I had booked a hotel in the part of town known for dining and nightlife, so I had charged out of it an hour earlier expecting to find crowds of people and bustling restaurants everywhere. I had imagined laughter, palmed glasses of red wine, and plates of Risotto alla Milanese and Tortelli di Zucca. But instead of walking into a scene from La Dolce Vita, I walked into ghost town out of a spaghetti western.

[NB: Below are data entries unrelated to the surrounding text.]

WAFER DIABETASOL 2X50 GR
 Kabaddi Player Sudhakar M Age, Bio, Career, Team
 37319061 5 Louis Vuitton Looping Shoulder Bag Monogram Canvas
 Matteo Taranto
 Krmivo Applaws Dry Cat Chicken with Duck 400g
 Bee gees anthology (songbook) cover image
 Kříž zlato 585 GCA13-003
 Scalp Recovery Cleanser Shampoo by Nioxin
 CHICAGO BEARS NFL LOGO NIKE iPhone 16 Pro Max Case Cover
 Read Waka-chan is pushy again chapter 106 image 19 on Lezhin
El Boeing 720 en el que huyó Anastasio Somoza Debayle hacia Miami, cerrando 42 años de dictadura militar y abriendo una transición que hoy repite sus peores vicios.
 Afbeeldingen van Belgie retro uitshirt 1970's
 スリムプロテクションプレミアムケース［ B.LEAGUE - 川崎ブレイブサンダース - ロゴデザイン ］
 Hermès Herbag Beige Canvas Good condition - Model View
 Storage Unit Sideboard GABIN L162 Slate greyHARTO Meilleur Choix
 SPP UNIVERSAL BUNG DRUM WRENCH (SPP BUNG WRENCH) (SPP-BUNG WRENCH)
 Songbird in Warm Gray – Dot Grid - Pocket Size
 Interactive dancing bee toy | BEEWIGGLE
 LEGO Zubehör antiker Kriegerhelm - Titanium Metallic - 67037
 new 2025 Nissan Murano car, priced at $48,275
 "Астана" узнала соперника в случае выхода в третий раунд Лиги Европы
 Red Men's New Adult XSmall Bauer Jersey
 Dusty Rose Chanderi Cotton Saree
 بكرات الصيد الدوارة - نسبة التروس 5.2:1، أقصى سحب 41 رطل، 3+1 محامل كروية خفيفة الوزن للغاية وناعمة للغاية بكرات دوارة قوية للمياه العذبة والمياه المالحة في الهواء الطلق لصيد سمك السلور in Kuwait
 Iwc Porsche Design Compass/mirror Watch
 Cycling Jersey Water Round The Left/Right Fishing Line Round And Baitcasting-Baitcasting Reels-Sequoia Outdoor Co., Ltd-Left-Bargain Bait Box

Everywhere I went, the streets were deserted: Via Tosio, Via S. Faustino, Via Crispi. Windows were shuttered; shops were closed; restaurants were empty. Nothing was open. I was looking to EAT, and my outfit, a dark shirt topped with a darker jacket, was ready to mask some spilled sauce. But there was no risotto or tortelli to be found anywhere. I couldn’t even get pizza. In Italy. Defeated and fading, I considered my situation. Room service at my hotel? Vending machines in the lobby? Did my hotel have vending machines? Ugh.
As I wondered, bells in towers throughout the city started to ring-in 7 pm. Dong, dong, dong. By the time they finished, the Piazzale Arnaldo had come to life. Couples appeared from around the corner and strolled by hand in hand. The Osteria Vecchio restaurant flicked on its lights and a waiter lined up tables on the stone walkway front. An old man with a cane tapped past. Within an hour or so, everything I had hoped to find earlier had appeared: Chatting people, open restaurants, and, finally, dinner: Casoncelli alla Bresciana (raviolis stuffed with meat, showered with sage butter, guanciale, and parmesan cheese). My shirt did not stay clean.
So what had happened? Basically, Italians do things their own way. On Sundays, that means spending the afternoon with family. Instead of going out around 5 pm (like an American expected them to do), they waited until later. As I would find out, the Italians also do things their own way when it comes to building firearms, and this is what made Beretta’s newest over-under so worthy of attention.
Confusingly, Brescia is both una citta and una provincia in northern Italy. The second contains the first, and both are nudged against the Italian Alps, closer to Geneva than to Rome. The Provincia di Brescia is the industrial capital of Europe. Along with being a top producer of everything from automobile wheels to pipe fittings, the provincia builds 40% of the sporting guns sold throughout the world. In 2016, the province of Brescia sent more than 395,000 sporting guns to the U.S. alone. Most were built in Gardone Val Trompia, a town 30 miles north of the città di Brescia.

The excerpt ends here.